Like a perpetually leaking faucet keeping you up at night, stories about the perils of the deregulated market continue to flow out of the Lone Star State. These stories have seriously questioned whether consumers have access to affordable and reliable power in the U.S’s largest deregulated market.
Surprisingly, none other than the bastion of print capitalism, the Wall Street Journal (Journal), has written numerous stories exposing the affordability and reliability issues confronting consumers not only in Texas but also in other state deregulated markets.
The Journal first reported the inequities facing the 60% of Texans in the deregulated market on February 24. With an astute assertion that “none of this was supposed to happen under deregulation,” the article proceeds to note that “from 2004 through 2019, the annual rate for electricity from Texas’ traditional utilities was 8% lower, on average, while the rates of retail providers averaged 13% higher than the nationwide rate…”

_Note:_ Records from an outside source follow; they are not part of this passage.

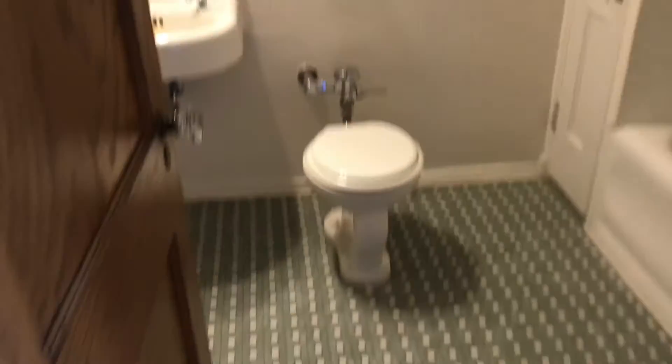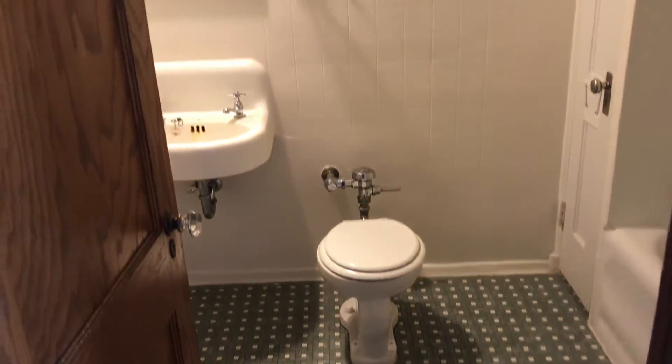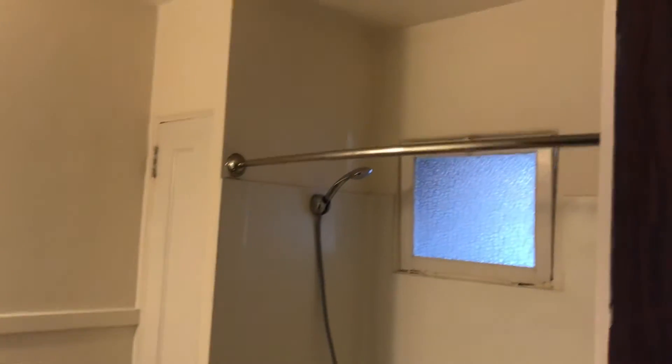Here's your front door. Let's check out the bathroom — nice and clean and big. There's also a linen closet there.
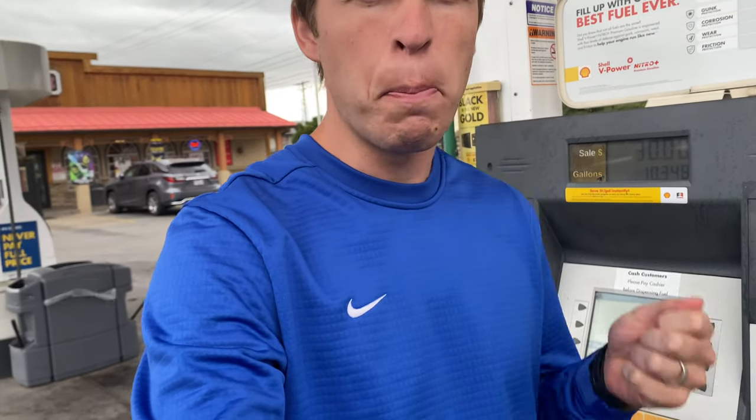Today I'm at my local gas station filling up my car, which is something that most people do very regularly. But I've always wondered, at the point of me inserting my card, it always tells me to remove my card quickly. Today, let's see what happens if we don't.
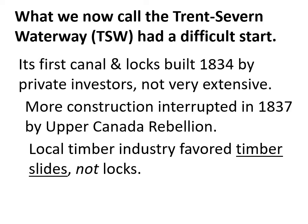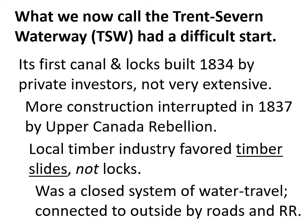There was local resistance to adding locks, with the timber industry favoring timber slides instead. Furthermore, for many years the system remained a closed system of water travel — the canals allowed some locations within the area to connect with each other, but if you wanted to reach Lake Ontario or Lake Huron, you had to take roads such as plank roads or toll roads, or railroads. The early years of the Trent-Severn Waterway were not particularly auspicious.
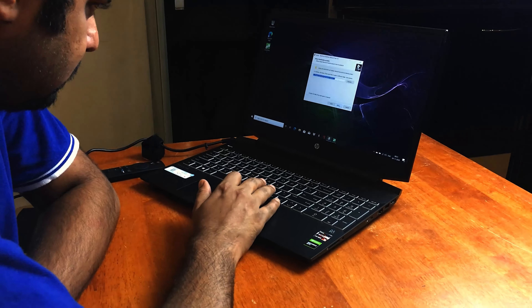The Ryzen 5 4600H is clocked at 3GHz with a boost clock speed of 4GHz, and it has 6 cores and 12 threads. I'll be using this laptop as my daily driver for office work and also a bit of video editing. You can expect a detailed review about this laptop and my experience with its performance — stay tuned, see you guys soon.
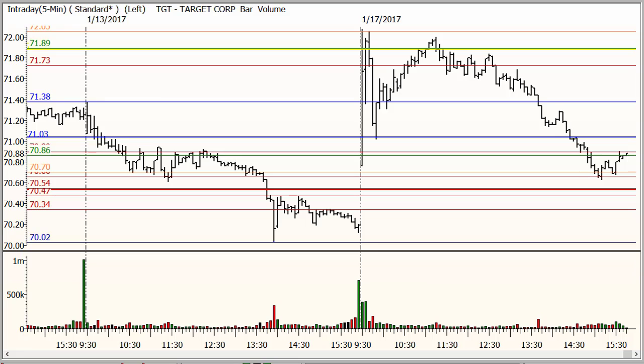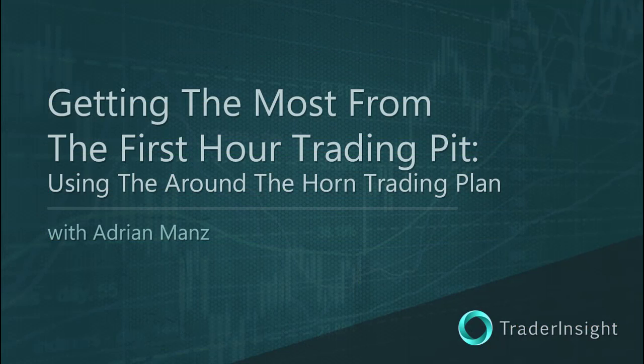I hope that clears it up a little bit for all of you who are new to the first hour trading pit. If it doesn't, shoot me an email at adrian@traderinsight.com. I hope you had a great trading day today and an even better one on deck for tomorrow. The best trader education anywhere, only from TraderInsight.com.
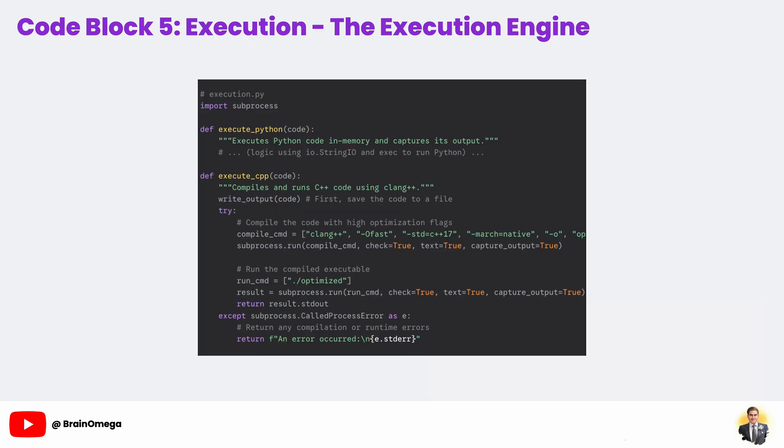Generating the C++ code is cool, but how do we know it actually works? And is it really faster? That's where our execution.py script comes in — this is our execution engine and testing ground. Let's look at execute_python.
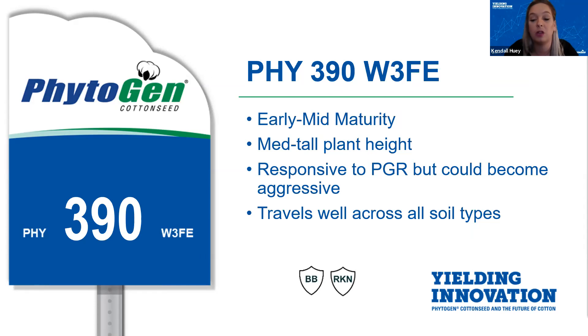As far as PGR management goes on Phytogen 390, it does respond well. However, in very wet situations you might have to be a little aggressive, but controlling that plant height is a possibility. 390 would be a great variety for the Winter Garden under its high input and irrigation practices, and this also goes for irrigated land down in the Rio Grande Valley. In the lower coast area, I would feel comfortable having you put this variety on just about any piece of ground on your operation.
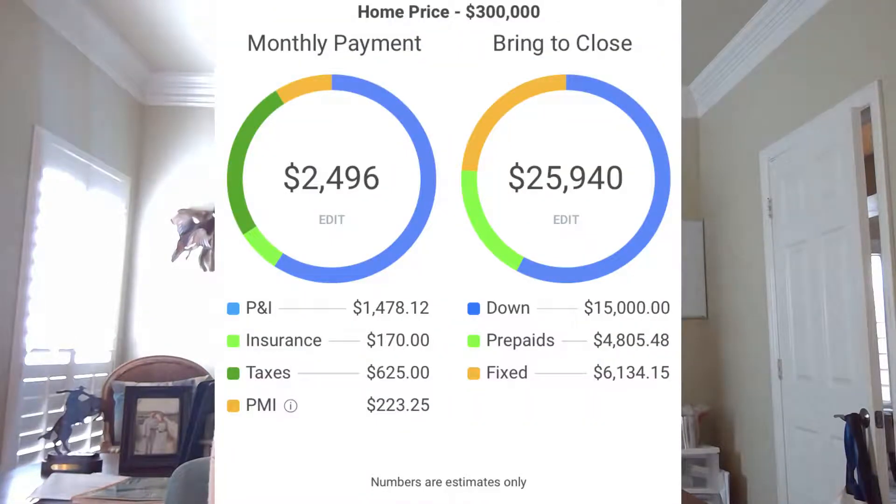If you put down 5% and get an interest rate of 4.7% — which is pretty good but doable right now — your monthly mortgage payment for principal and interest is going to be $1,478. Your PMI is going to be $223, and your total monthly payment including property taxes and insurance is going to be $2,496 per month.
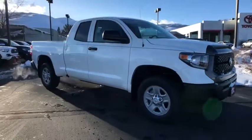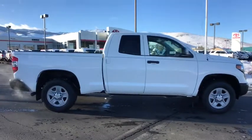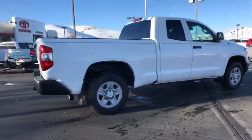2019 Toyota Tundra. The Tundra has a number of unique features useful for those using it as a work truck, including extra-large door handles, a deck rail system, and an integrated tow hitch.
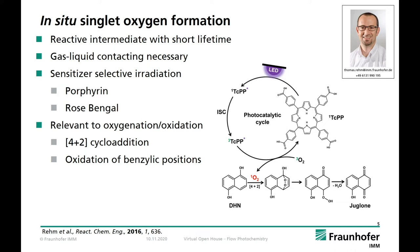As a first example from our lab I'd like to show our efforts in singlet oxygen formation. This reactive intermediate has a very short lifetime — from nanoseconds to milliseconds in solution — hence it must be produced in situ, requiring a constantly high amount of oxygen in solution. We use either porphyrins or Rose Bengal as well-known and stable sensitizers for singlet oxygen production. The most relevant reaction classes are the 4+2 cycloaddition and oxidation of benzylic positions. We use the juglone synthesis as a benchmark reaction in which 1,5-dihydroxynaphthalene is converted by a 4+2 cycloaddition into the natural product — a substance known from the green shell of walnuts.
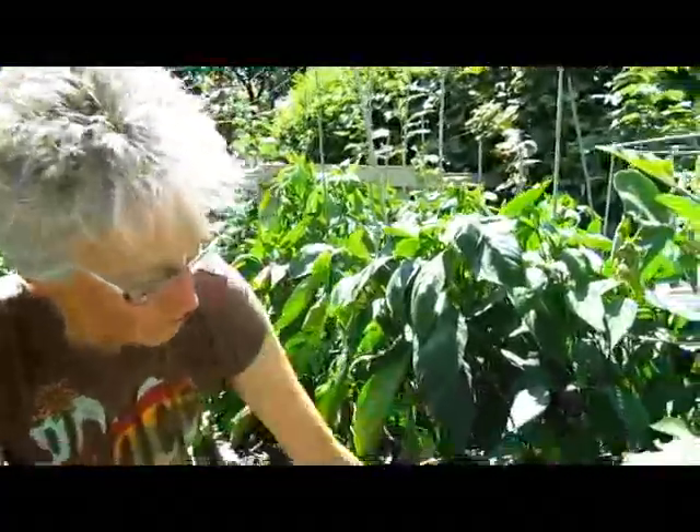Hi, it's Lynn from WisconsinGarden.net and we're in a little garden harvesting peppers, tomatoes, and squash.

Of course, this analysis by the Journal comes as no surprise to us. Why? Because for almost four years, we’ve been discussing how the consumer is the ultimate loser in the deregulated marketplace. In July 2017, we asserted that “…deregulated hasn’t worked for consumers. In state after state with deregulated electricity markets, prices are higher than in states with traditional markets…Reliability emergencies can be directly tied to supply constraints caused by deregulation.”
Our “white paper” in 2017 ultimately led us to get engaged in opposing an attempt in 2019 to deregulate the Florida electric utility marketplace. And guess who was leading the charge in Florida? You guessed it, the folks from Texas who were foaming at the mouth to talk about the financial windfall Texans were receiving in the deregulated market.
By July 2019, we pointed out that Texas’ deregulated marketplace might not be that great for the average ratepayer. Why? Well, on July 2, 2019, amid an unbearable summer, sizzler electricity prices spiked 25 fold to $920.48/hour. These prices were predictable given that the Electric Reliability Council of Texas predicted the reserve margin – the amount of power available – the amount needed – at 7.5% when the preferred margin was 13.5%. No wonder the Texas PUC Chairman called the situation “very scary.” It was very scary because it looked like Texans in the deregulated market would have anything but affordable and reliable power.
Fast forward to the week of February 14 and the Polar Vortex that gripped the state. Winter Storm Uri rudely introduced Texas ratepayers to just how unaffordable and unreliable electricity can be in the deregulated marketplace, prompting the Journal to ask whether any ratepayer has genuinely realized the promises of a deregulated marketplace.
What did the Journal find? On March 8, the paper found that “..in nearly every state that [retail energy companies] have charged more than their incumbent utilities in each of the five years from 2015 through 2019.” In 2019 alone, “…consumers paid $3.1 billion more in D.C. and the 13 [deregulated] states together, the biggest single-year difference ever over what they would have paid their utilities.”
Whether it’s $3.1 billion over one year or $25 billion over ten years (Texas), what the Texas blackout in February illustrated was that the consumer is ultimately left “holding the bag” in the deregulated marketplace when it comes to affordability and reliability of electric power.